My father had his brother-in-law working for him as a baker. One night Mr. Madanski had a few drinks and was frying donuts when he fell asleep and the oil boiled over and started a fire. My mother took my two sisters out and my father put my brother and me in a big quilt and threw us down to the firemen. Mr. Madanski died in the fire and that as the end of his business. My father kept on working as a baker after that. My mother worked in a handkerchief factory and they saved enough money to buy a house for $7,000. It was a big house with 3 bedrooms on the second floor and a big living room and dining room and kitchen, plus a sun room for plants.

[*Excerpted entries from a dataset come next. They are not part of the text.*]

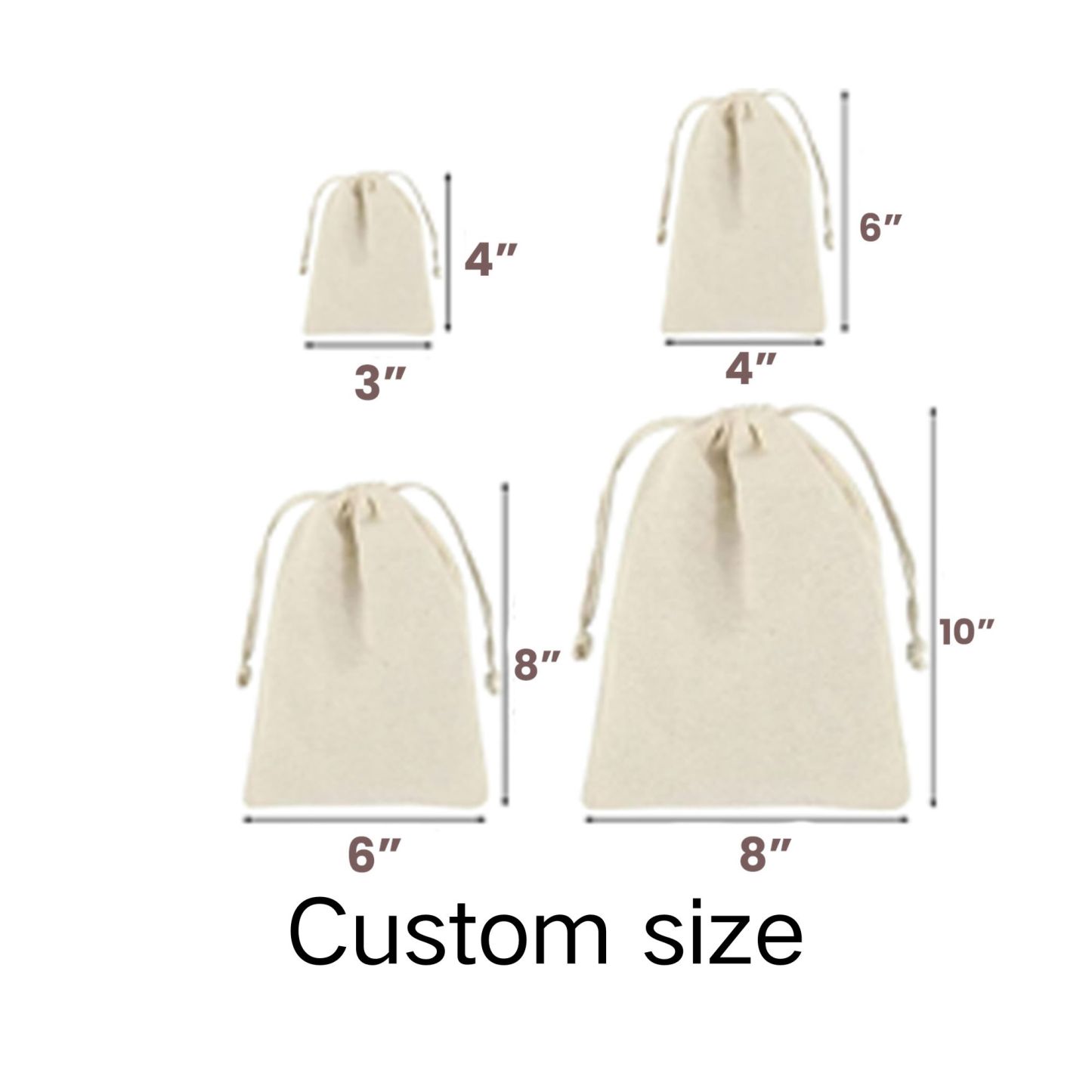 Canvas bags with drawstrings.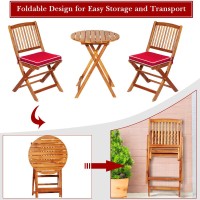 Oralner 3-Piece Acacia Wood Folding Patio Bistro Set, Small Outdoor Balcony Furniture, Round Coffee Table And 2 Chairs With Soft Cushions, Teak Table Set For Porch, Backyard, Deck (Red)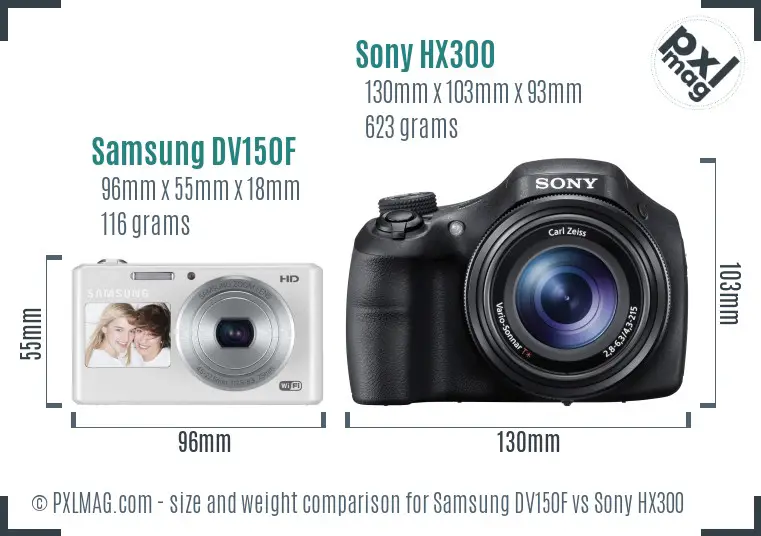 Samsung DV150F vs Sony HX300 size comparison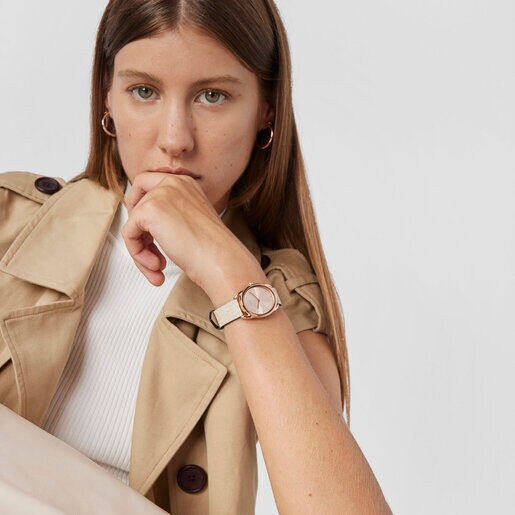 שעון Dai אנלוגי מפלדה עם רצועת Kaos בצבע בז' מעור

My mother didn’t enroll me in school because she wanted my brother and I to go to school together. We had a good life and there was no shortage of food during the Depression. Before winter my father went out and bought a couple bushels of cabbage and would grate it in a 55-gallon barrel, and we had sauerkraut all winter. Any kraut left over the winter went into jars.

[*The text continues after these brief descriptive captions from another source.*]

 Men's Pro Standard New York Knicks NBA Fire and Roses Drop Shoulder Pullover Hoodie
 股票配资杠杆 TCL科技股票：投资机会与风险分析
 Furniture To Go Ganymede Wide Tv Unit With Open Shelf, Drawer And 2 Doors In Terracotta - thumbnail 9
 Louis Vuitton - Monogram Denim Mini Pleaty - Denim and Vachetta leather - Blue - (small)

My father would go to a banana dealer and buy a big whole stalk of bananas and hung i in the garage for us to help ourselves. My mother’s neighbors in Poland were the Prybysz family, which included Anthony, Joseph, Rudolph and Martin. Anthony lived not too far from us, so when martin came to visit his brother Tony, my mother would ask me to take her by Tony’s house so she could see martin because they were very close in Poland.

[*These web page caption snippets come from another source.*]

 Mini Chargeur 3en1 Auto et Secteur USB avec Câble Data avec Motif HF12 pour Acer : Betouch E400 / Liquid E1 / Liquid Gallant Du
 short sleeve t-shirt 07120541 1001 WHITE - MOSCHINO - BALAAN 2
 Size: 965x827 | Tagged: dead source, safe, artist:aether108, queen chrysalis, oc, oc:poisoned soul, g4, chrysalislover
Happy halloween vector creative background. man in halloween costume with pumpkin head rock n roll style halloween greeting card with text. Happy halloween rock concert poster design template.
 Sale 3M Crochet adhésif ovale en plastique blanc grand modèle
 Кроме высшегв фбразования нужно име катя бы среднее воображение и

Martin had three daughters, Stella, Loddie and Blanche. Loddie was baptized as Ladislava and the teacher’s had a hard time saying it so they changed it to Loddie. It was there at Tony’s house where I met Loddie, and I would travel from my home in NJ to NY City where she lived. After a short courtship, we were married on June 15, 1940.

John M. Lasica was born two years later in October 1942 [his bio says 1941]. I worked in a little supermarket and didn’t have a defense job so I was drafted into the Army on Sept. 1, 1944, and was stationed at Fort Knox, Ky, where I went to the Cooks and bakery school and graduated with a score of 87. I was made a mess sergeant and had six books, and had to make out the supplies and make out the menu. The menu was in our manual, so I didn’t have any worry what to feed the soliders.

I was discharged in July 1946 and went to work at Botany Mills, where they made the yarn for suits, shirts, ties and all wearing apparel. Botany Mills got slow because the USA was importing all the material from other countries. After a few years at Botany, I went to work in a supermarket and worked for the same owner for 32 1/2 years before I retired in 1981 [from A&P].

My son Robert (Bob) was born May 26, 1947, after I came out of the service. My father passed away in 1961, and my mother passed away in 1973. John M. Lasica got married at an early age and had three wonderful children, who we didn’t see much because I worked six and seven days a week and was busy on my little time I had. They lived in Connecticut and we lived in NJ.

When Loddie and I got married we lived in a house that had no hot water so we had to put on the gas tank to heat up the water for 17 1/2 years. We bought a house in 1957 in Saddle Book, NJ. We sold our house in 1989 and moved to Florida to the hot weather. A few years later Bob moved down here not far from us so we are able to see him and his companion and he does things for us that I can’t do.